BEGIN DATA BLOCK
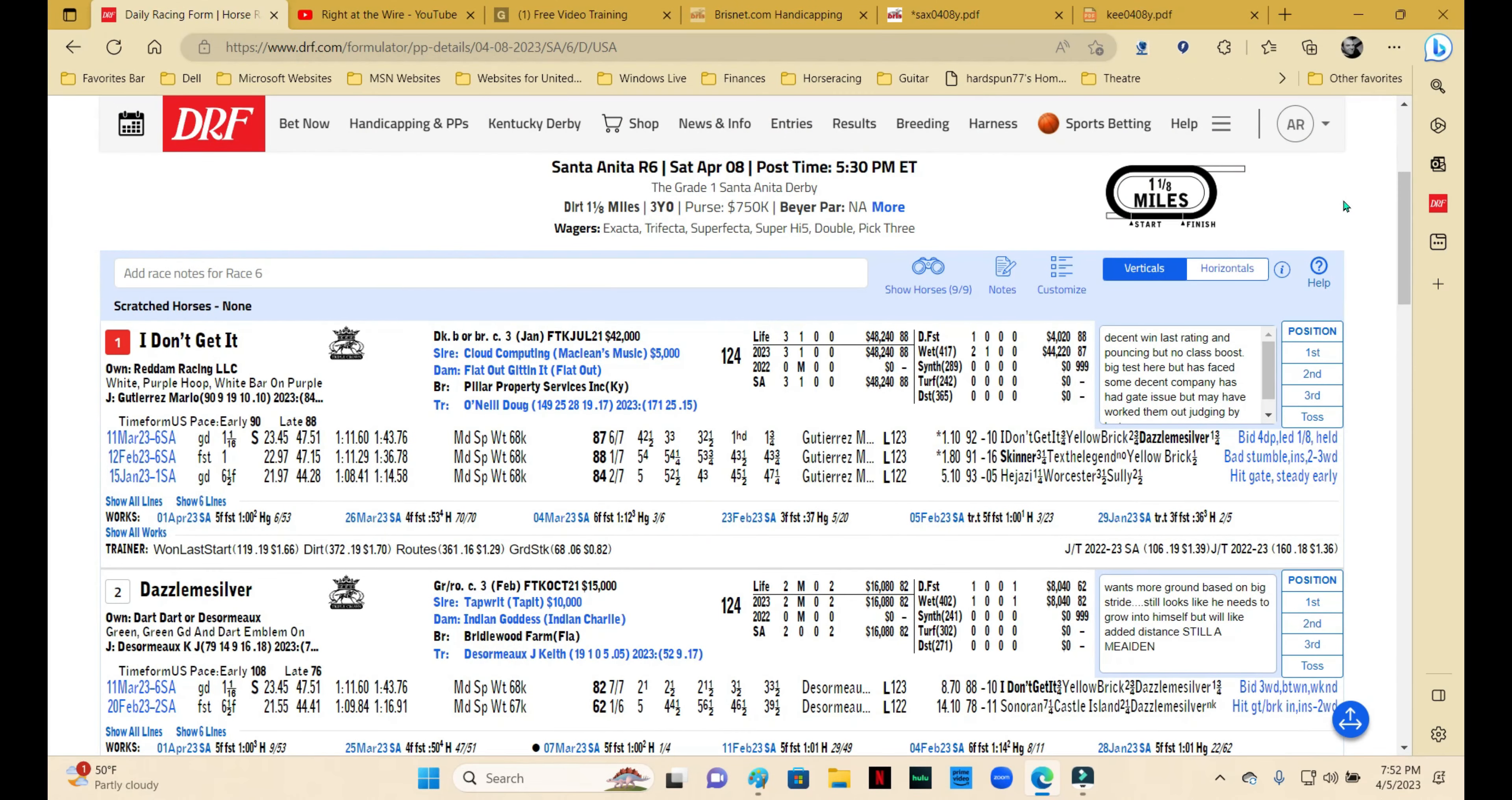The Santa Anita Derby is a great Derby prep run at a mile and an eighth for three-year-olds.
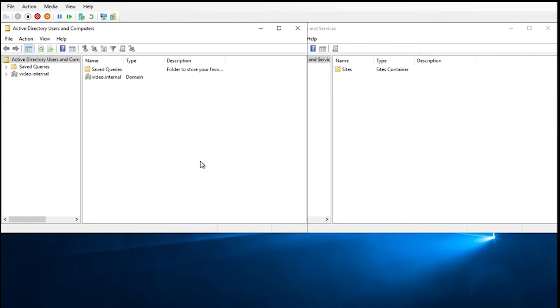You'll want to do this if there is a DC or multiple DCs that have been taken out of the domain improperly, whether that's being reinstalled, just taken out of the network, powered down, whatever, without demoting it first.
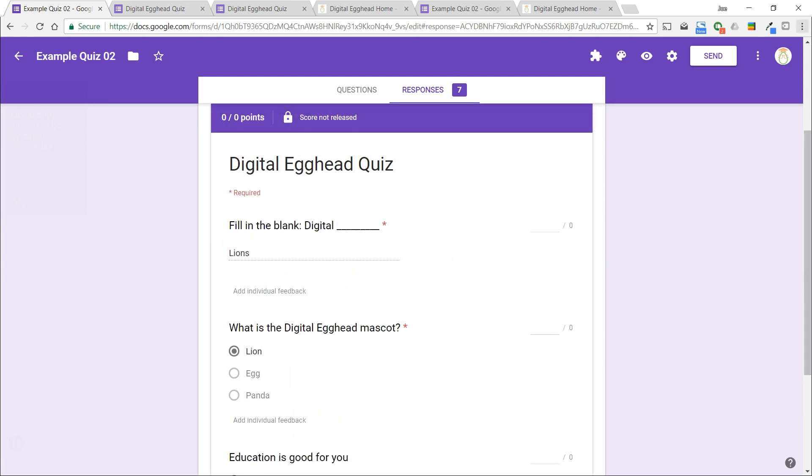So that's how to create quizzes with Google Forms. I hope you've enjoyed this video. Make sure to subscribe and I'll see you in another one.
END DATA BLOCK
### [WORK ORDER]
The pictures in the data should be omitted, and every remaining line set down exactly.

### [SOLUTION FOR THIS PROBLEM]
The Santa Anita Derby is a great Derby prep run at a mile and an eighth for three-year-olds.
You'll want to do this if there is a DC or multiple DCs that have been taken out of the domain improperly, whether that's being reinstalled, just taken out of the network, powered down, whatever, without demoting it first.
So that's how to create quizzes with Google Forms. I hope you've enjoyed this video. Make sure to subscribe and I'll see you in another one.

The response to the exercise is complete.